[Image-caption web data]

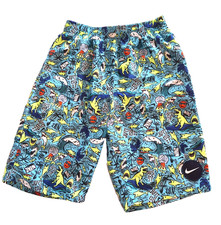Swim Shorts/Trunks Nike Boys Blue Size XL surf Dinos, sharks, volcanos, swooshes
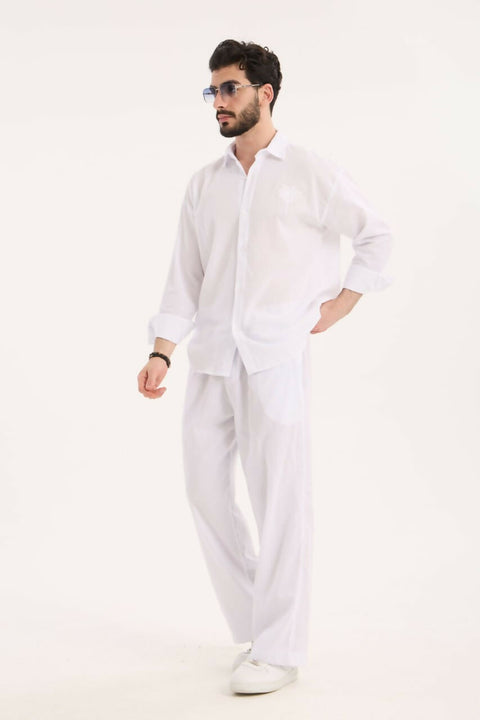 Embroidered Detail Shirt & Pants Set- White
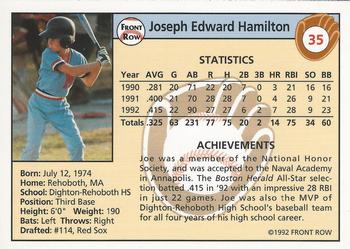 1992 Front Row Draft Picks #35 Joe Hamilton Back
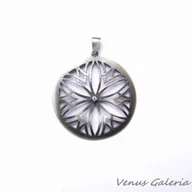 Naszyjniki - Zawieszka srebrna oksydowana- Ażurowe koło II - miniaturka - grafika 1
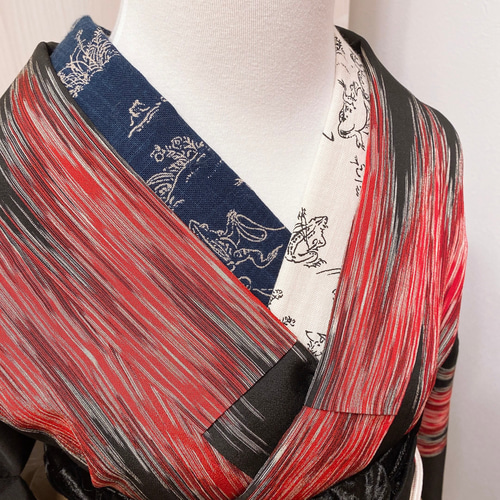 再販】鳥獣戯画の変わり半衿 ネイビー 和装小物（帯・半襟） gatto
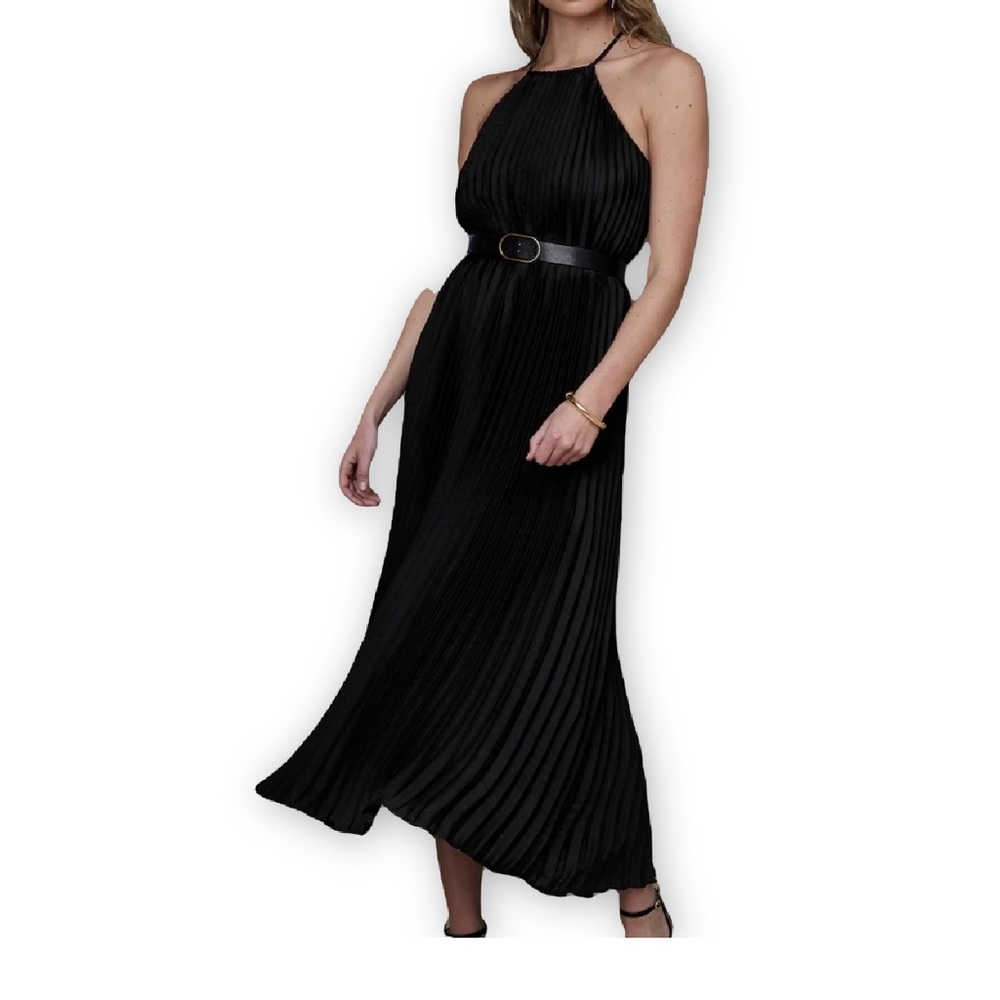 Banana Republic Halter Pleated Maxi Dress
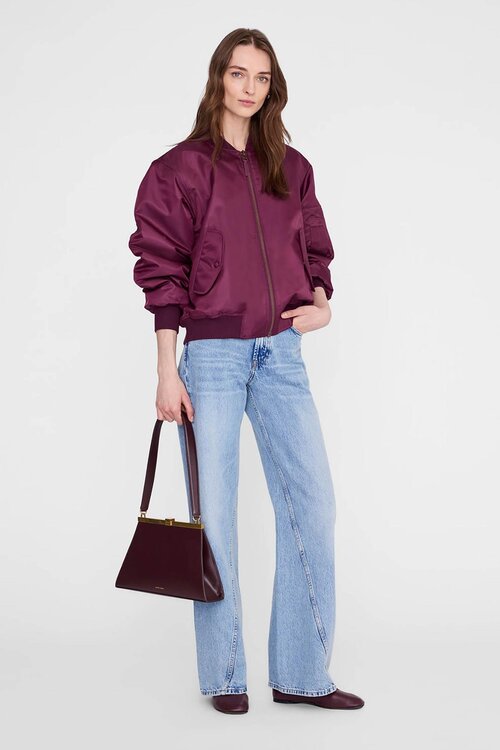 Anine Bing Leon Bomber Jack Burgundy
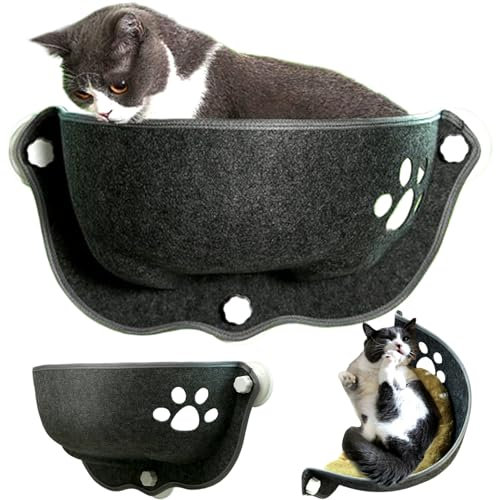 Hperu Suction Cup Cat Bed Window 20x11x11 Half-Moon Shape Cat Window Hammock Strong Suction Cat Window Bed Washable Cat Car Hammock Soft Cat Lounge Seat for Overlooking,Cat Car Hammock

*Problem to work on*. Exact copy required, pictures excluded: the lines from the one holding "Banana Republic Halter Pleated Maxi Dress" through the last line of the data, both ends included.

*Result for this exercise*.
 Banana Republic Halter Pleated Maxi Dress
 Anine Bing Leon Bomber Jack Burgundy
 Hperu Suction Cup Cat Bed Window 20x11x11 Half-Moon Shape Cat Window Hammock Strong Suction Cat Window Bed Washable Cat Car Hammock Soft Cat Lounge Seat for Overlooking,Cat Car Hammock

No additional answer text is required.